WORK INSTRUCTIONS ->
The lines you should transcribe are those from the one containing "Additional image 7" to the end of the listing below, exactly, with pictures left out.

··· SOURCE DATA ···

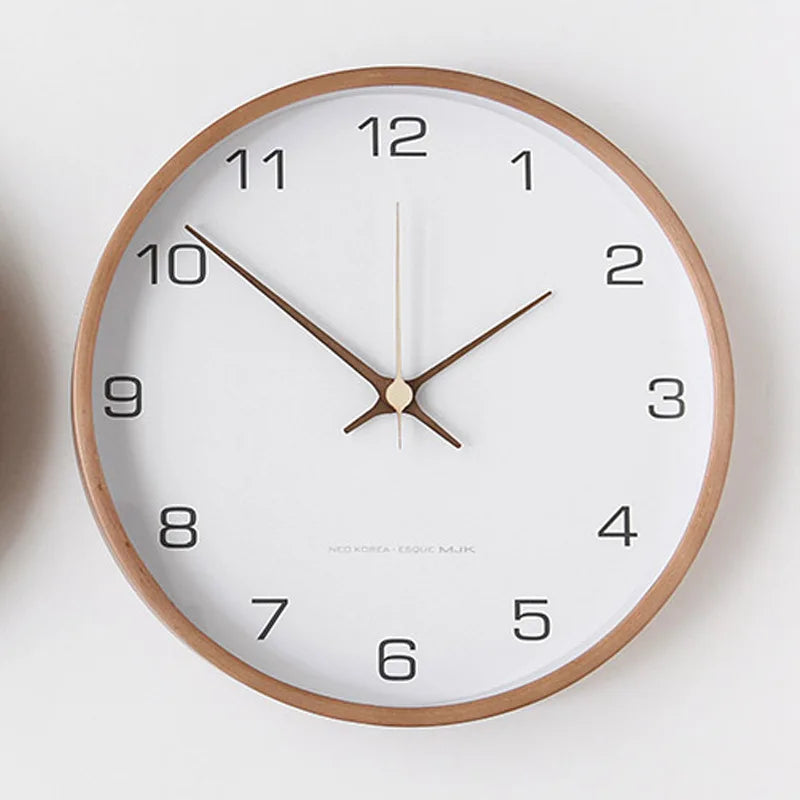 Simple Quiet Round Clock for Home and Office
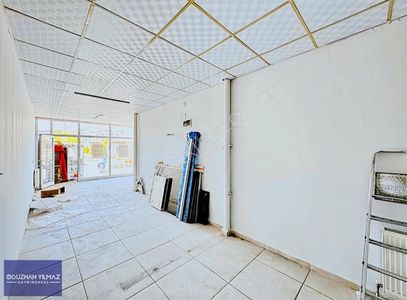 Oğuzhan Yılmaz'dan Çimenlik Caddesi Yanı Kiralık 40'm2 Dükkan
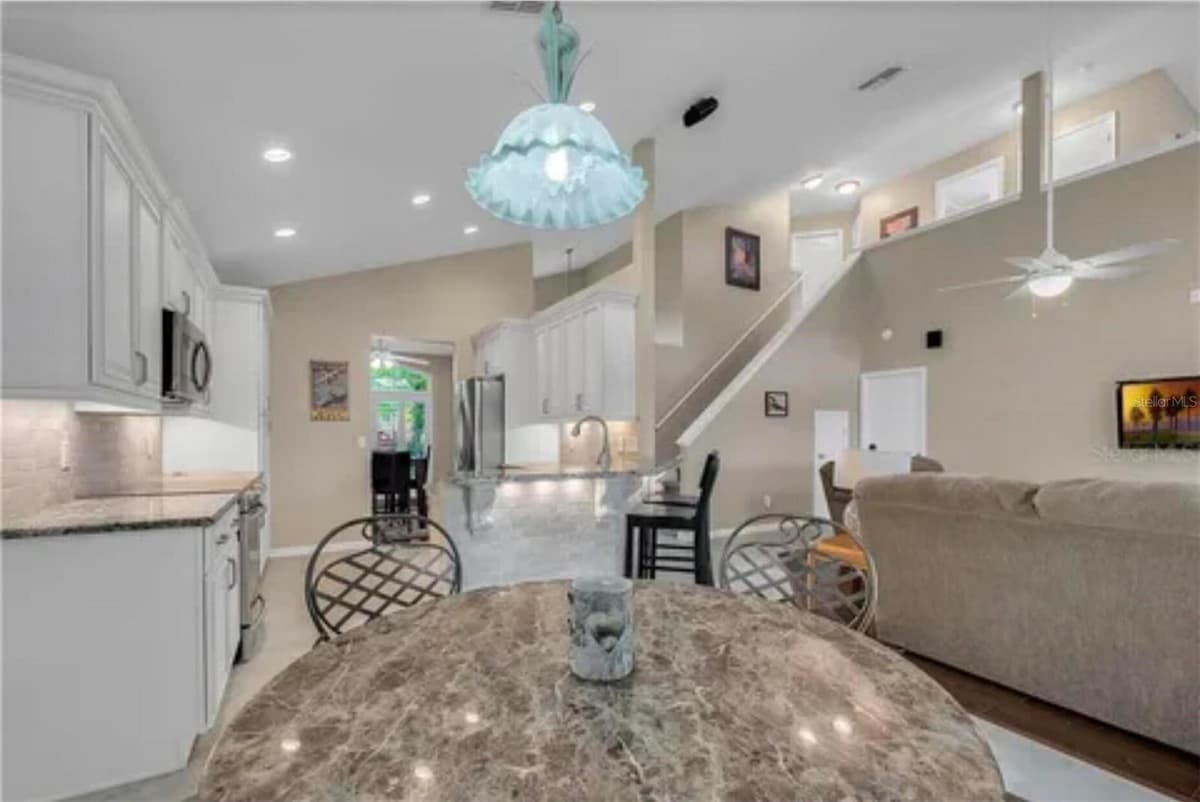 624 HARDWOOD CIRCLE — photo 10 of 25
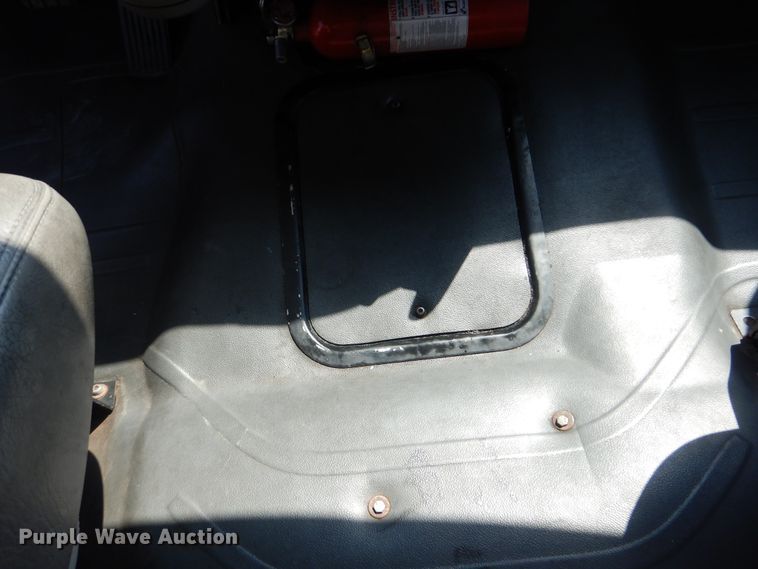 image for item GM9158 2006 Freightliner Business Class M2  box truck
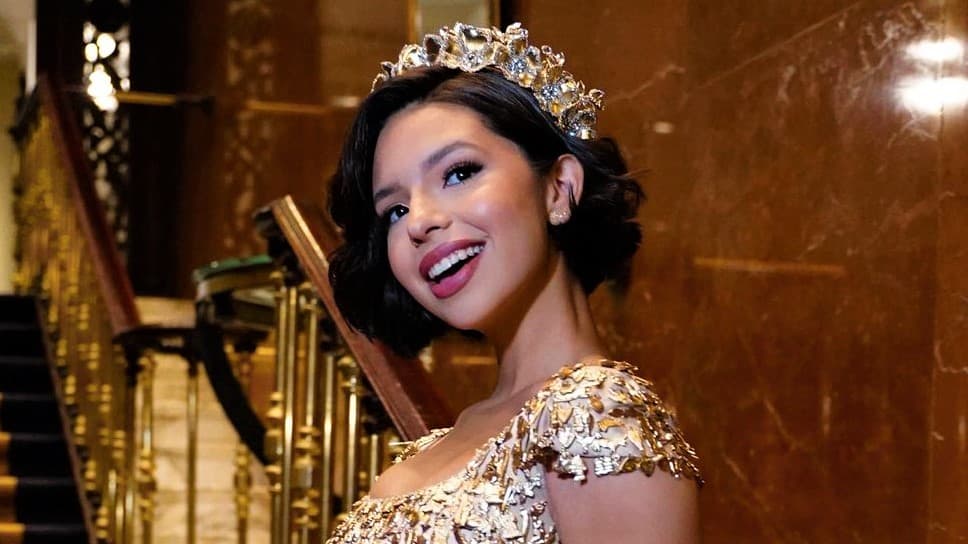 Ángela Aguilar habla del noble gesto que tuvo con las pelucas utilizadas en el video de 'Se Disfrazó'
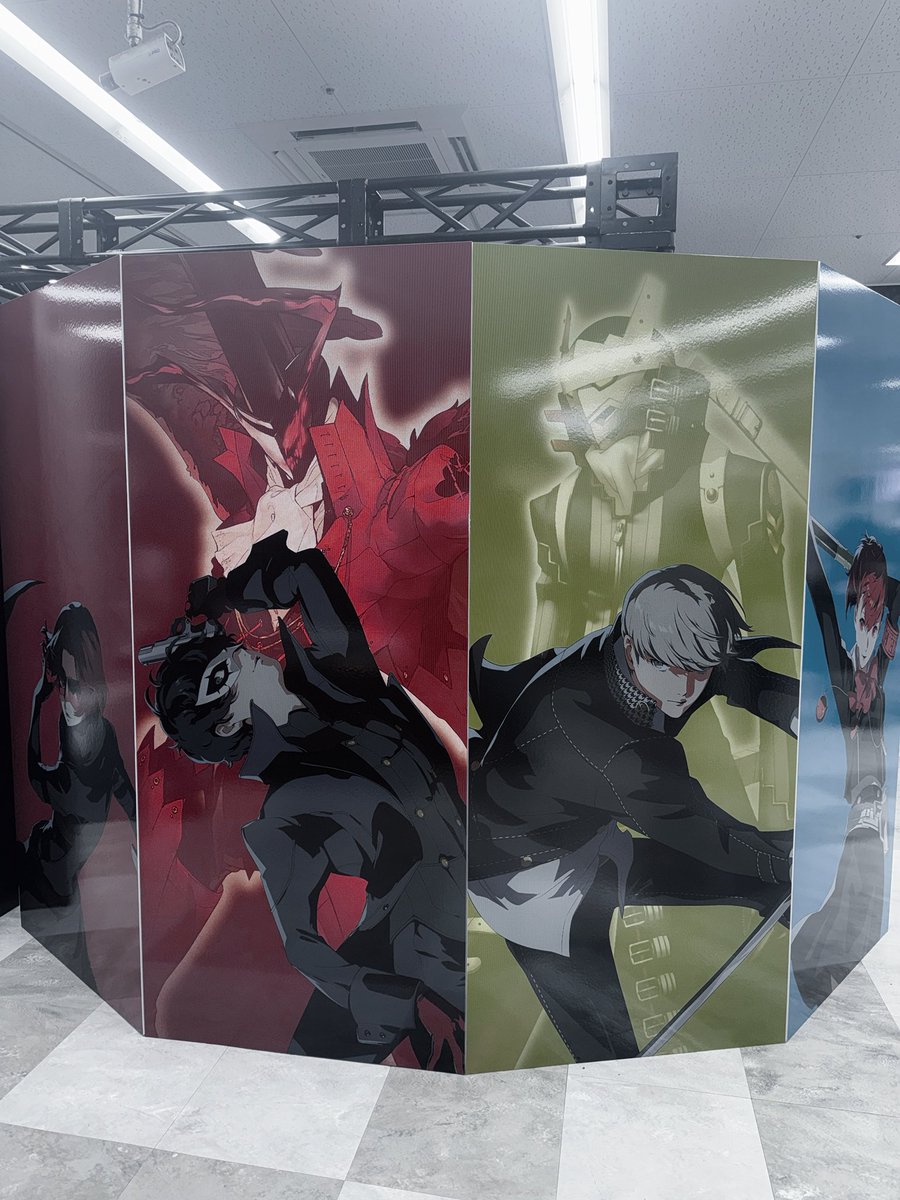gjvz7ty's tweet photo. フラッシュ炊くとペルソナ出てくるのすごかった https://t.co/GshFvtEY3S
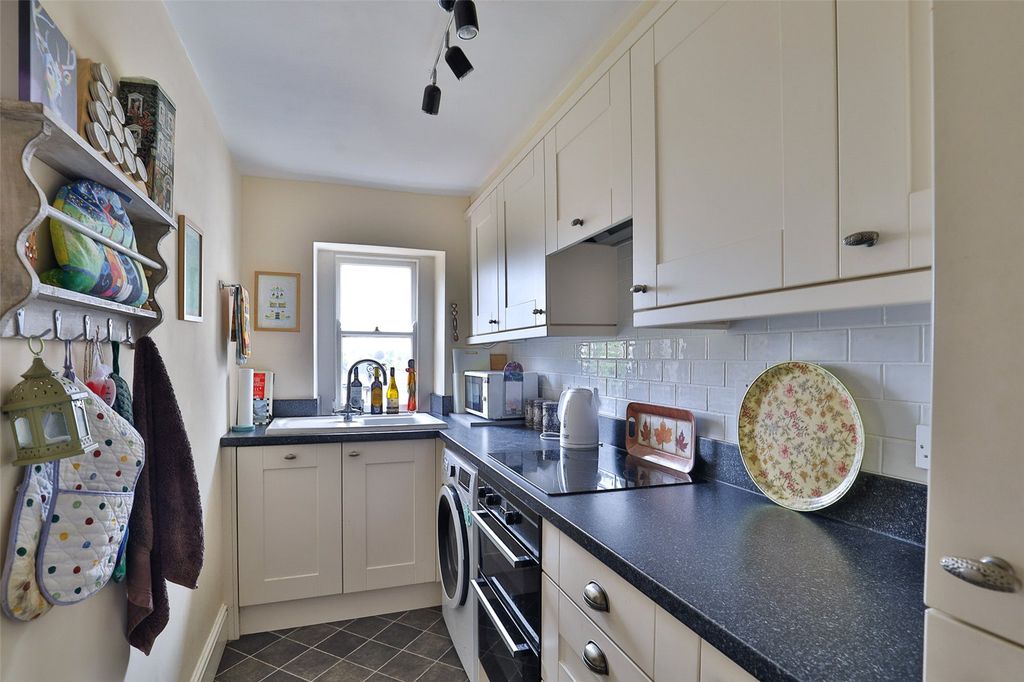 Additional image 7 of 2 bed flat for salePortway, Frome, Somerset BA11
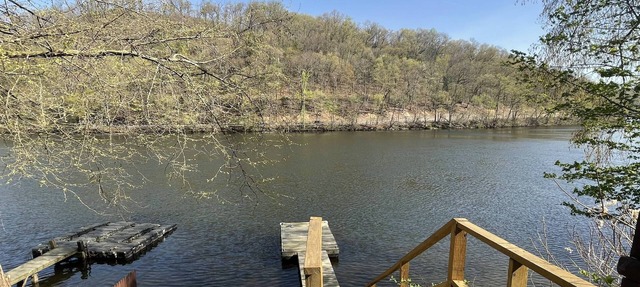 Great Fall pricing! Magical Views & Peaceful Vibes; private dock, kayaks, firepit, office! in Newtown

···

WRITTEN REPLY ->
 Additional image 7 of 2 bed flat for salePortway, Frome, Somerset BA11
 Great Fall pricing! Magical Views & Peaceful Vibes; private dock, kayaks, firepit, office! in Newtown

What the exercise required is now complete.